PagSeguro Digital is a foreign private issuer and, as a result, in accordance with the listing requirements of the NYSE we rely on certain home country governance practices from the Cayman Islands, rather than the corporate governance requirements of the NYSE.
We report under the Exchange Act as a non-U.S. company with foreign private issuer status. The NYSE rules provide that foreign private issuers are permitted to follow home country practice in lieu of certain NYSE corporate governance standards. The standards applicable to us are considerably different from the standards applied to U.S. domestic issuers. For instance, we are not required to:
•have a majority of independent members on our board of directors (other than as may result from the requirements for the audit committee member independence under the Exchange Act);
•have a minimum of three members on our audit committee;
•have a compensation committee or a nominating and corporate governance committee;
•have regularly scheduled executive sessions of our board that consist of independent directors only; or
•adopt and disclose a code of business conduct and ethics for directors, officers and employees.
As a foreign private issuer, we may follow home country practice from the Cayman Islands in lieu of the above requirements. Therefore, the approach to governance adopted by our board of directors may be different from that of a board of directors consisting of a majority of independent directors, and, as a result, our management oversight may be more limited than if we were subject to all of the NYSE corporate governance standards. Accordingly, you may not have the same protections afforded to shareholders of companies that are not foreign private issuers.
Although we do not expect to be a passive foreign investment company, or PFIC, for U.S. federal income tax purposes, there can be no assurance that we will not be a PFIC for any taxable year, which could subject United States investors in our shares to significant adverse U.S. federal income tax consequences.
We do not expect to be a PFIC for the current taxable year or any future year, based on our current business plans. However, whether we are a PFIC will be determined annually based upon the composition and nature of our income, the composition, nature and valuation of our assets (including goodwill), all of which are subject to change, and which may be determined in large part by reference to the market value of our shares, which may be volatile, and our corporate structure and the classification for U.S. federal income tax purposes of our subsidiaries. The determination of whether we are a PFIC will also depend upon the application of complex U.S. federal income tax rules concerning the classification of our assets (including goodwill) and income for this purpose, and the application of these rules is uncertain in some respects. Moreover, the determination of the value of our assets (including goodwill and certain intangible assets) may depend on our market capitalization, and that market capitalization may fluctuate. Accordingly, due to the lack of directly applicable authority regarding the foregoing, there can be no assurance that the IRS will not challenge any determination by us that we are not a PFIC.
If we were classified as a PFIC, special adverse U.S. federal tax rules would generally apply to a United States Holder (as defined in “Item 10. Additional Information—Taxation—U.S. Federal Income Tax Considerations”) that holds our Class A common shares.
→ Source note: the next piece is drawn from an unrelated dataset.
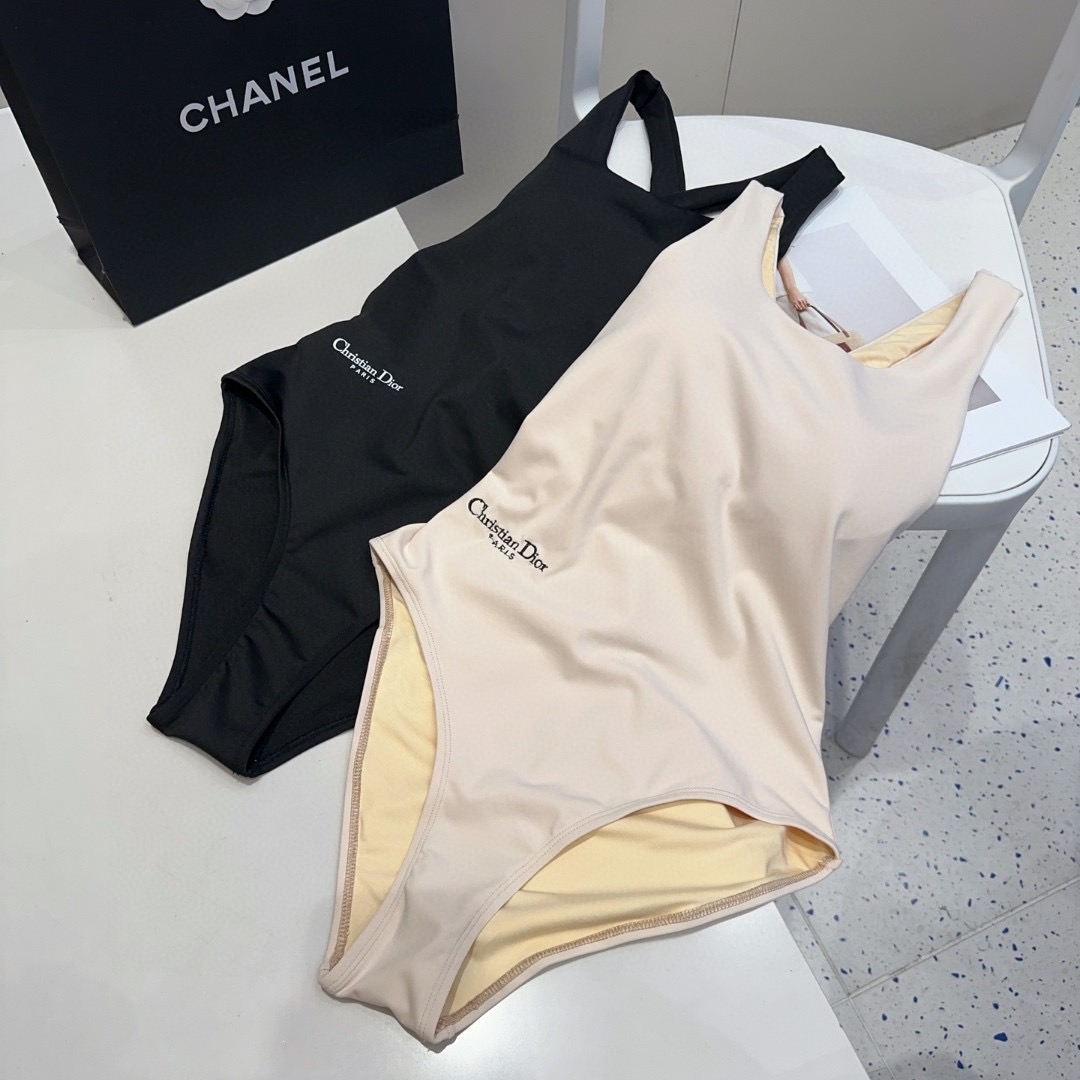 NO:377715,Dior swimsuit, the real thing is so beautiful!  If you can't take pictures of it, whoever wears it will be beautiful!  Very worth buying SML swimsuits, swimsuits, swimsuits, bikinis, dior, swimsuits, bikinis19860909迪奥泳衣,实物实在太美了！拍不出来它的美谁穿谁美！很值得入手 SML泳衣泳裤比基尼,泳衣，泳裤，比基尼,dior,swimsuits,bikinis,accessory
United States Holders are urged to consult their own tax advisors with respect to the potential tax consequences of the PFIC rules to their particular circumstances.
Our Class A common shares may not be a suitable investment for all investors, as investment in our Class A common shares presents risks and the possibility of financial losses.
The investment in our Class A common shares is subject to risks. Investors who wish to invest in our Class A common shares are thus subject to asset losses, including loss of the entire value of their investment, as well as other risks, including those related to our Class A common shares, the company, the sector in which we operate, our shareholders and the general macroeconomic environment in Brazil and all other countries in the world, among other risks.
Each potential investor in our Class A common shares must therefore determine the suitability of that investment in light of its own circumstances. In particular, each potential investor should:
•have sufficient knowledge and experience to make a meaningful evaluation of our Class A common shares, the merits and risks of investing in our Class A common shares and the information contained in this annual report;
•have access to, and knowledge of, appropriate analytical tools to evaluate, in the context of its particular financial situation, an investment in our Class A common shares and the impact our Class A common shares will have on its overall investment portfolio;
•have sufficient financial resources and liquidity to bear all of the risks of an investment in our Class A common shares;
•understand thoroughly the terms of our Class A common shares and be familiar with the behavior of any relevant indices and financial markets; and
•be able to evaluate (either alone or with the help of a financial advisor) possible scenarios for economic, interest rate and other factors that may affect its investment and its ability to bear the applicable risks.
ITEM 4. INFORMATION ON THE COMPANY
Overview
We are a disruptive provider of financial technology solutions focused primarily on consumers, individual entrepreneurs, micro-merchants, small and medium-sized enterprises (SME), in Brazil, aiming to provide a safe, seamless, digital, mobile first and affordable ecosystem, combining payments and financial services, including, supporting, and empowering millions of Brazilians.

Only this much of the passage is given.